4ª CNCTI: desafio é construir consenso sobre ações

24/05/2010

4ª Conferência Nacional de Ciência, Tecnologia e Inovação (CNCTI) busca legitimidade para apresentar propostas concretas

Se há certo consenso em relação ao diagnóstico sobre a evolução da ciência brasileira nas últimas décadas e sobre as amarras ainda a segurá-la, buscar entendimento em torno das ferramentas para soltar os freios é um desafio para a 4a Conferência Nacional de Ciência, Tecnologia e Inovação (CNCTI). Com eleições gerais à vista e muitos debates pela frente, surgem algumas questões. A conferência terá legitimidade suficiente para apresentar propostas concretas? As mudanças nos governos são risco ou oportunidade?
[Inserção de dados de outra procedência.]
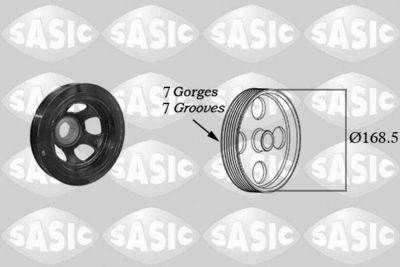 Belt Pulley, crankshaft SASIC 2156073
O consenso se dá em relação à melhoria das condições para se fazer ciência nos últimos tempos. Planejado e montado há relativamente pouco tempo - cerca de 50 anos - o sistema nacional de ciência e tecnologia foi capaz de construir competências, desenvolver massa crítica e estabelecer certo grau de institucionalidade. O aumento dos investimentos públicos na área, consequência da criação dos Fundos Setoriais, em 1999, e, posteriormente, do alcance de peso político suficiente para impedir seu contingenciamento, completa o cenário.

A melhora geral não significa, por outro lado, que os obstáculos para que o país se desenvolva de acordo com seu potencial tenham desaparecido.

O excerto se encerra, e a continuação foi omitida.